身一つでバンに乗って旅に出て、山中でそのまま死を迎えようとするのは、自殺に近い亡くなり方だが、たった一人(一犬)の味方がハッピーという犬で、お父さんが息をひきとったあとも、けなげに食べ物をさがしてきてお父さんにとなりにおく。
たしかにせつない。
ちょっと不器用なだけでこんな悲しい運命になってしまう日本社会の現状、なんていうメッセージもこめらているのかもしれないが、どうしてもこのお父さんがかわいそうとは思えなかった。
年が近いせいか、人ごとと思えないのが一番の理由だろう。
西田敏行といえば、柴俊夫との「坊っちゃん」が「池中玄太」よりも面白かったなあという世代だから。
誰もが無縁死を迎える可能性はあるとは思いながら、おれならもう少し、こうなる前になんとかしたいと思ってしまう。
仕事にしても、家族に対しても。
そんなたいそうな人生を送っているわけではないのだから。
お父さんの年齢設定は、たしか定年少し前くらいのはずだ。
ぜんぜん若いじゃないか。
60歳過ぎてもエネルギッシュな方はいくらでもいる。
縁あって昨年から何回かバンドをご指導いただいた先生も、お若い。
それは決して見た目とかの問題じゃなくて、何かをやるということについて面倒くさがらない若さという感じだ。
むしろ若い人よりも、躊躇なくいろいろやってしまう感覚で暮らしてらっしゃる。
先日も「映画館で『もしドラ』シニア1枚って言うのちょっと恥ずかしかったよ」とおっしゃっていた。
もし奥さんが出て行ってしまったなら、新しい彼女をつくろうかぐらいのいきおいで生きたいじゃないですか。 たぶん現実社会の西田敏行氏って、そんな感じだと思うけど。
なんか、もう年だからとか言って諦めてる姿を見ると逆に「かっこつけてんじゃねえよ」と思ってしまう。
もう一つ、お父さんの生き方に、今の自分たち日本人の象徴を見てしまうのもつらい。
先日の大震災以来、この国のいろんな問題があきらかになって、これを機にみんなちゃんとしようよと言う人はたくさんいる。
そう思っている人ももちろんたくさんいる。
でも、結局かわんなそうな雰囲気がただよいはじめてるよね。
みんな粛々と、放射能あびながら暮らしてるじゃないですか。
家族を失い、ふるさとを奪われ、いまだに水道も電気もないところで暮らしている人がたくさんいて、政治家はあんなだし。
わかってるよ、陽一郎君。選んだおれらが悪いんだよ。でもここまでって思わなかったもの。
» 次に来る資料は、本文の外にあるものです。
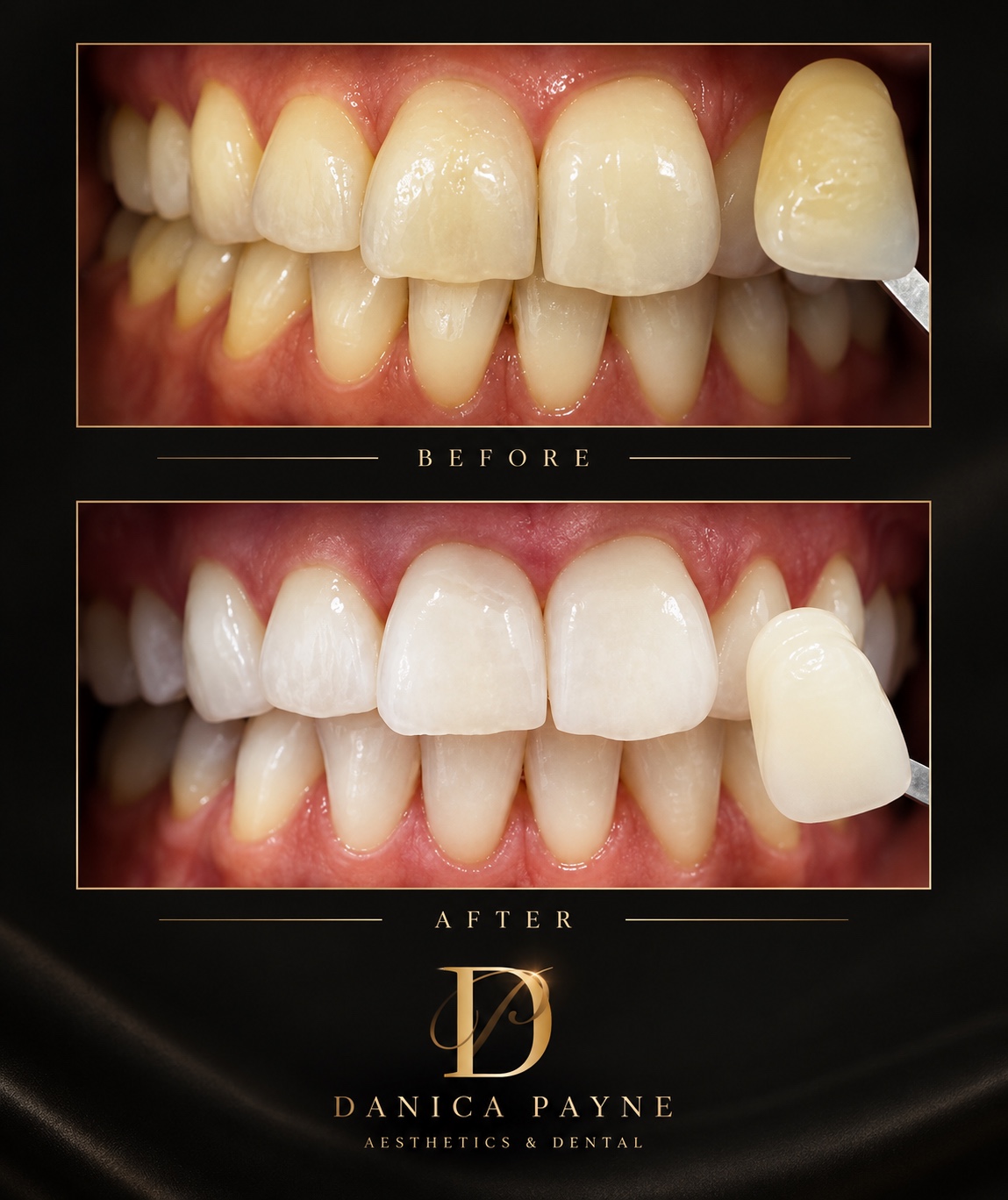 Before and after tooth whitening treatment at Danica Payne Aesthetics & Dental
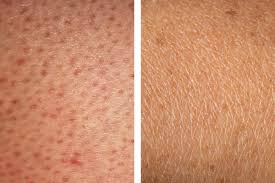 How To Get Rid Of Strawberry Legs 5 Treatments That Work In 2020 Strawberry Legs Ingrown Leg Hair Shaving Legs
ひょっとしたら、誰が政治家になっても、そんなに結果は変わらないのかもしれない。
東電がとか、役所がとか、マスコミがとか文句は言うけど、そんな問題でもないような気がする。
それぞれの局面において、それぞれの場所で、ほとんどの人がまじめに生きている。
がんばらなくていい分までがんばっている人がいっぱいいる。。
でも国全体としたら … 、みんなで緩やかに車の中で死を迎えようとしているようにしか見えないのが、今の日本なのかなと思えてしまうのだ。
久しぶりに書いててくらくてすいません。仕事は元気です。